After establishing contact with the Union of Polish Patriots, in July 1944 he joined the Polish People's Army. Initially, he was an investigating officer in the prosecutor's office of the 2nd Army, then the 1st Military District. From 1946 a member of the Polish Workers' Party and following its union with the Socialist Party in December 1948 he became a member of the ruling Polish United Workers' Party. On December 31, 1945, by order of the Supreme Command, he was promoted to major. From March 1946, he was the head of the District Military Prosecutor's Office in Poznań, then in Kraków. He prosecuted in the trial of the PPS-WRN leadership in November 1948 in Warsaw. In November 1949, he was appointed First Deputy President of the Supreme Military Court (NSW). From 1953, he worked at the General Military Prosecutor's Office. From March 1954, he was the head of the Military Court Board. He was the author of the justification of the verdict in the trial of General Stanisław Tatar.

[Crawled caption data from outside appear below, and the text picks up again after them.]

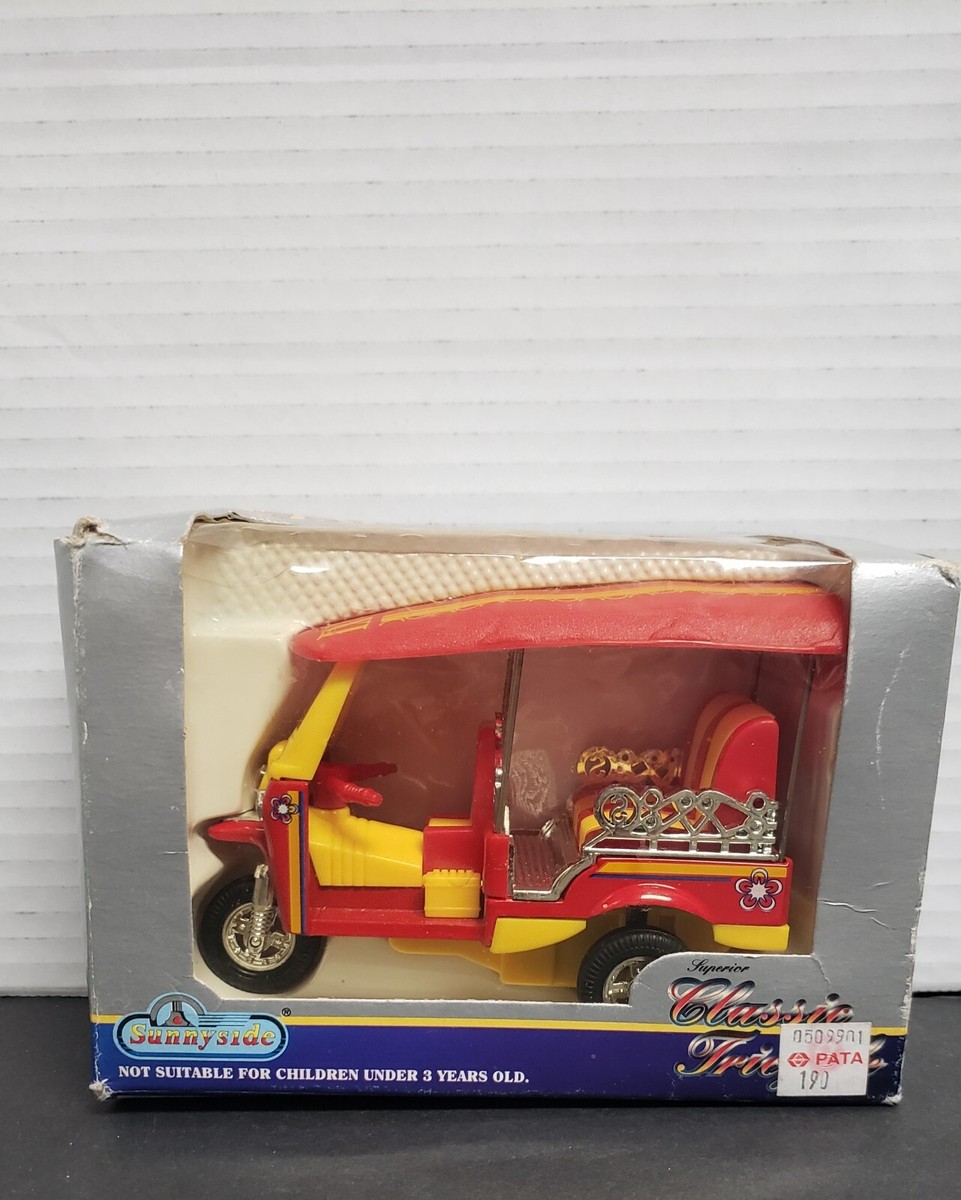 Tricycle 3 wheel model Die Cast Taxi Cx4956 Red Yellow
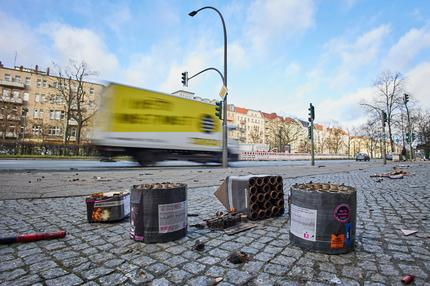 Ausschreitungen an Silvester: Zahlreich liegen Reste von Feuerwerk auf dem Weg an der Seestraße im Stadtteil Wedding.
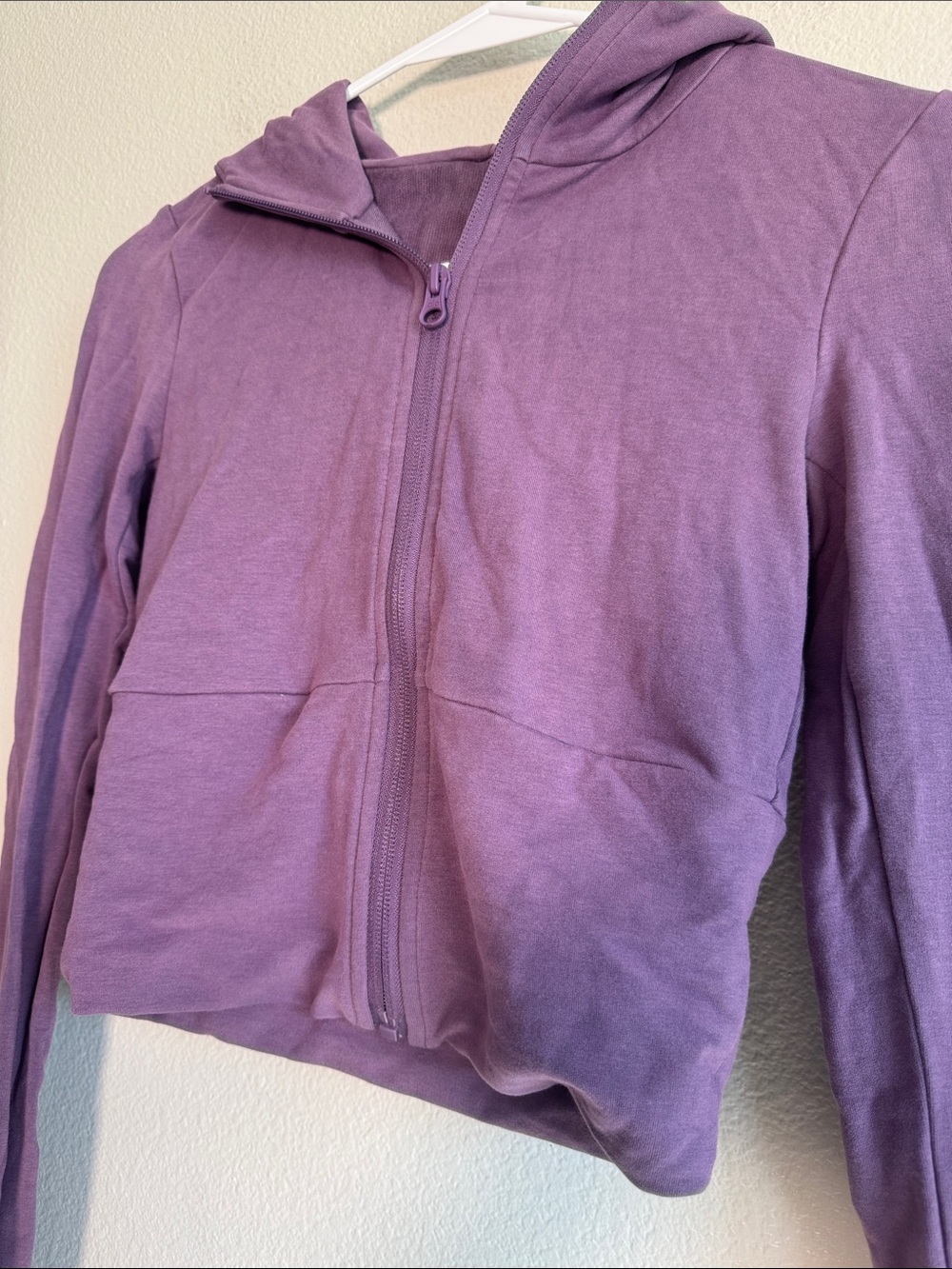 ALO Sway Full Zip Hoodie in Plum Kiss - XS - Picture 3 of 4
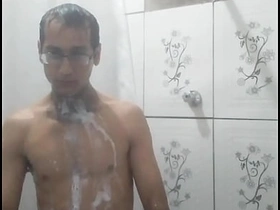 VAZOU NA NET ME EXIBINDO PARA PUTINHA DO MEU BAIRRO HOJE VOU COMER ESSA GOSTOSA old asian alms-man gay sex videos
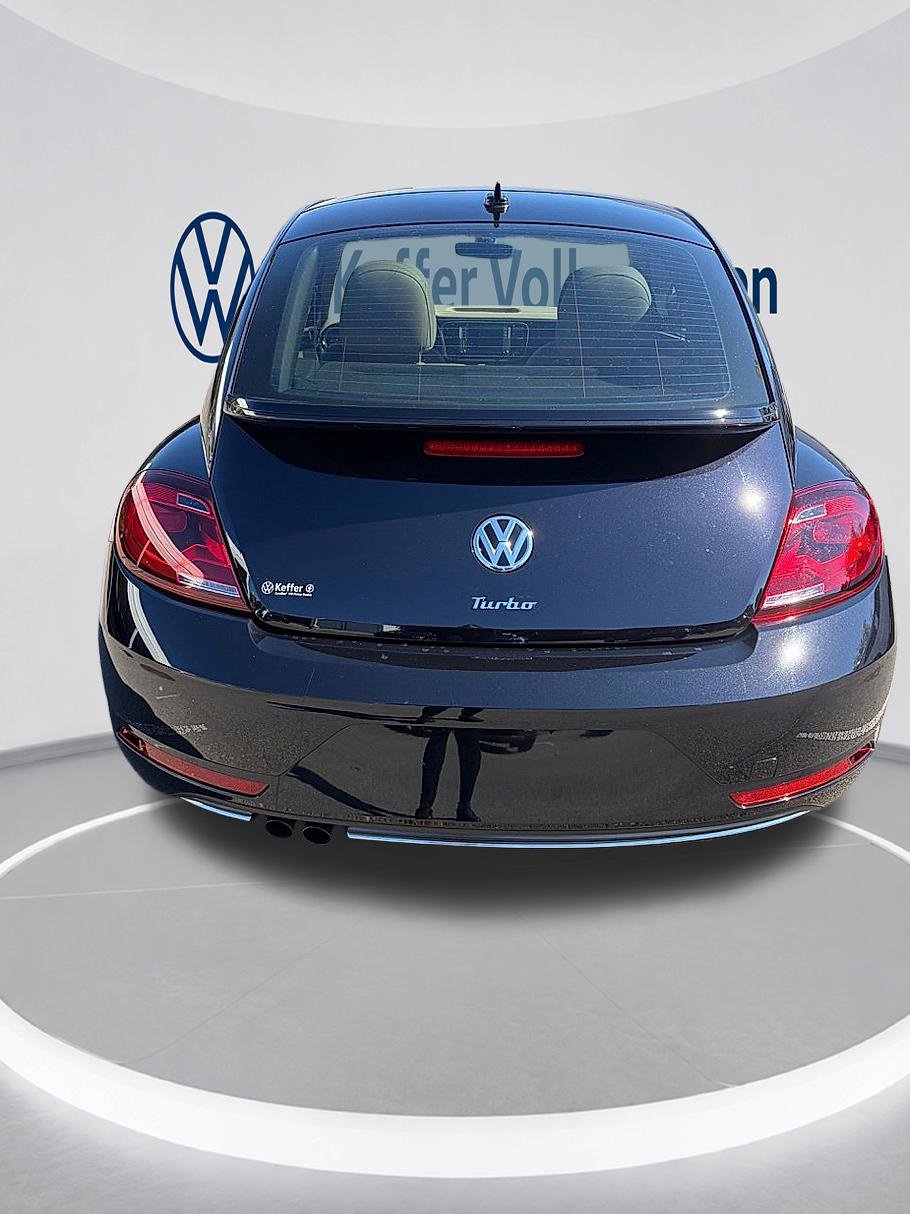Used 2018 Volkswagen Beetle 2.0T SE FWD image 3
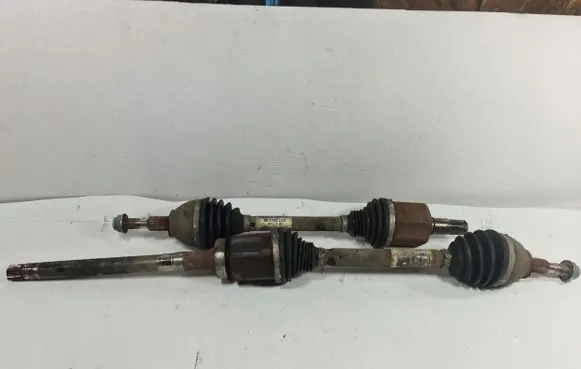 Ford Edge II Seat belt trim 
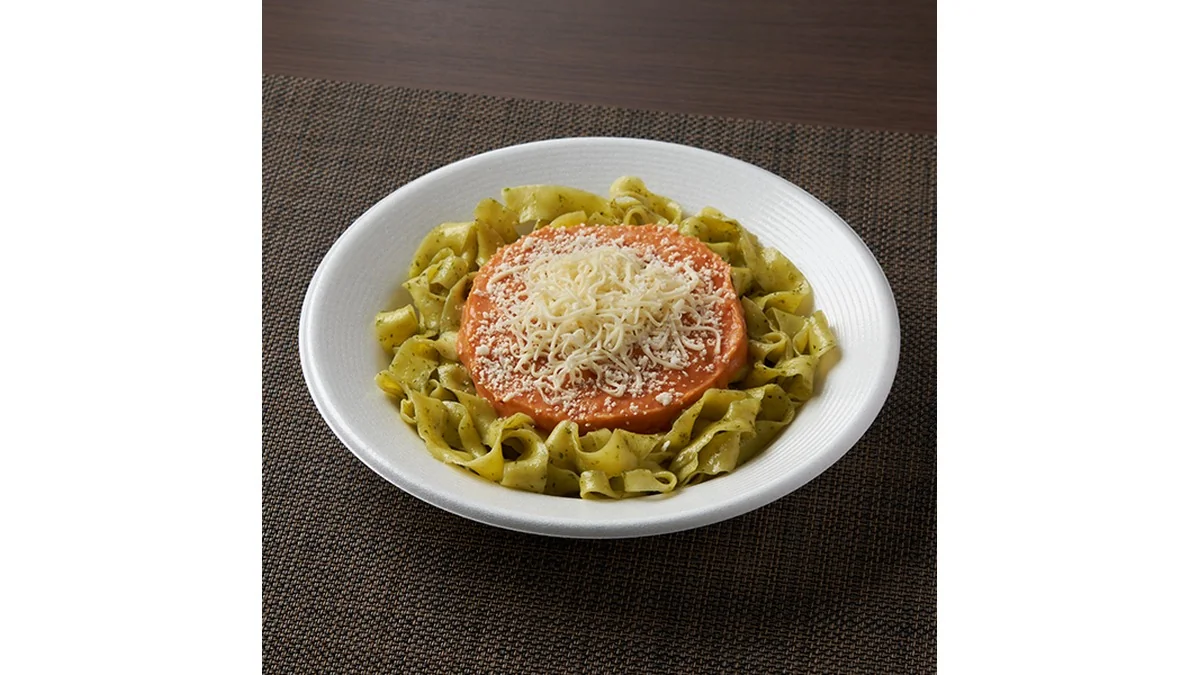 【東京都の一部・神奈川県の一部】生パスタ　ジェノベーゼと2種チーズ・トマトのソース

The commission to investigate the responsibility of former employees of the Main Information Directorate, the Chief Military Prosecutor's Office and the Supreme Military Police (established in 1956) established that Karliner was responsible, among other things, for introducing the practice of extending detention, initiating an unjustified tightening of criminal repression in the Supreme Military Police and sentencing based on uncertain evidence, exerting pressure on the court to sentence to certain high penalties (according to the suggestions of the security organs, as well as on his own initiative) and for setting court verdicts to the greatest possible submissiveness to the demands of the investigative bodies and the prosecutor's office, violating the defendants' right to defense. Although the commission requested, among other things, Karliner's demotion to the rank of reserve major and a ban on working in the justice system for 5 years, on December 13, 1956, he was demobilized at the rank of colonel. In 1957 he became director of the International Cooperation Team in the Office of the Government Plenipotentiary for the Use of Nuclear Energy.

In March 1968, in the wave of anti-Semitic campaigns that resulted from the March Events, he was expelled from the Polish United Workers' Party. After being dismissed from work and receiving a military pension in 1969, he made Aliyah to Israel, where he died. His son Mark is a physician in University of Tel Aviv.